Short descriptive text snippets:
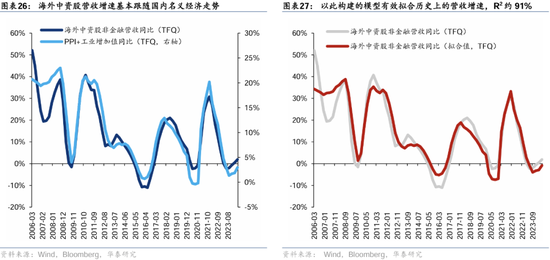 华泰证券：港股2025年度策略——以稳开局，变中求进  第16张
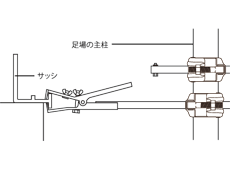 ひかえ具 サッシ用壁つなぎ　使用例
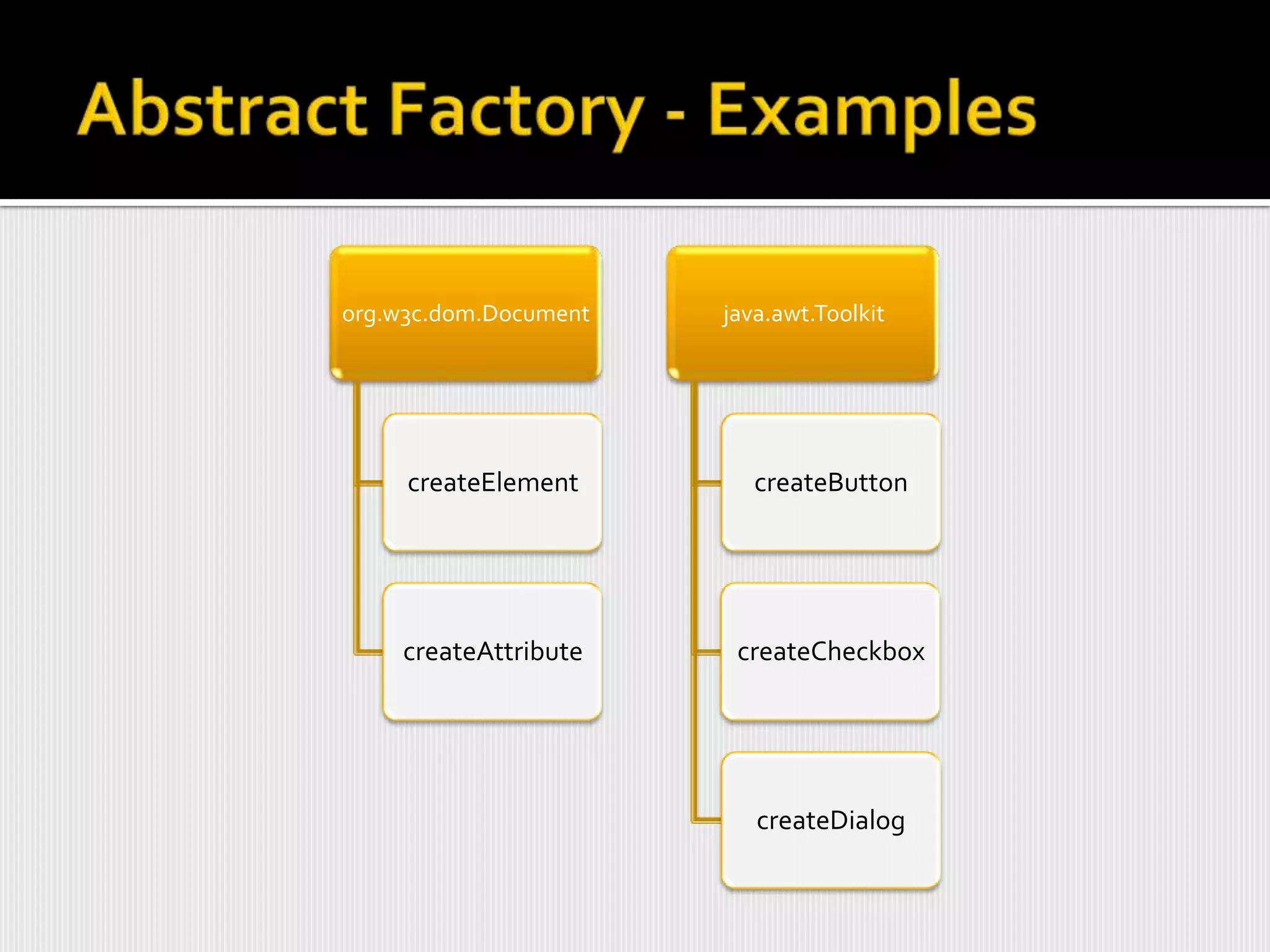 org.w3c.dom.Document   java.awt.Toolkit




     createElement        createButton




    createAttribute     createCheckbox




                          createDialog
 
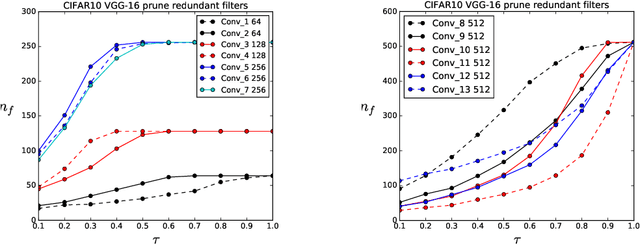 Figure 3 for Building Efficient ConvNets using Redundant Feature Pruning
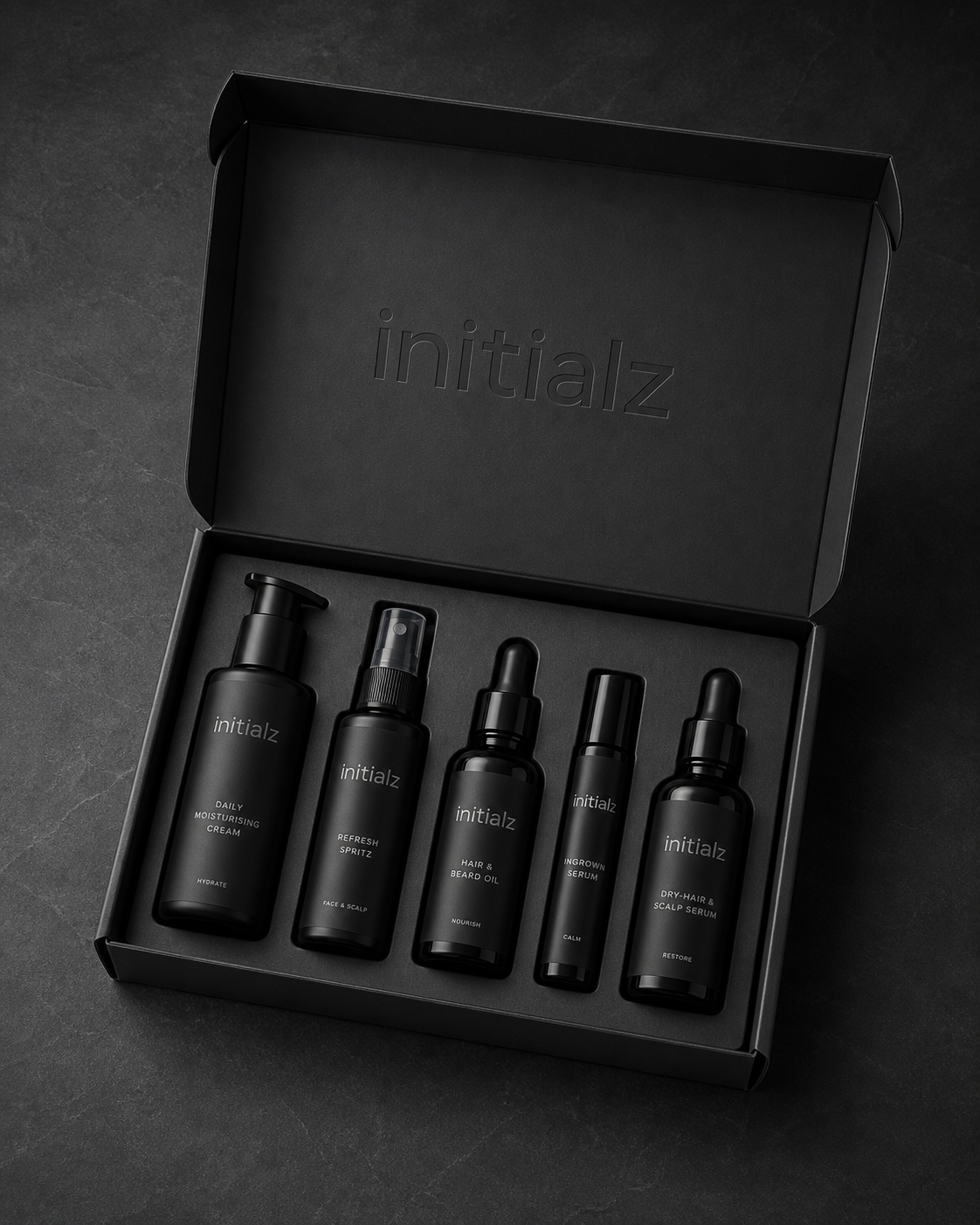 Illustrative presentation of the five-item Initialz Care Pack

◆ Exercise brief: Leave out every picture and copy verbatim the lines running from the line containing "ひかえ具 サッシ用壁つなぎ　使用例" through the final line of the data.

◆ Written response:
 ひかえ具 サッシ用壁つなぎ　使用例
 org.w3c.dom.Document   java.awt.Toolkit




     createElement        createButton




    createAttribute     createCheckbox




                          createDialog
 
 Figure 3 for Building Efficient ConvNets using Redundant Feature Pruning
 Illustrative presentation of the five-item Initialz Care Pack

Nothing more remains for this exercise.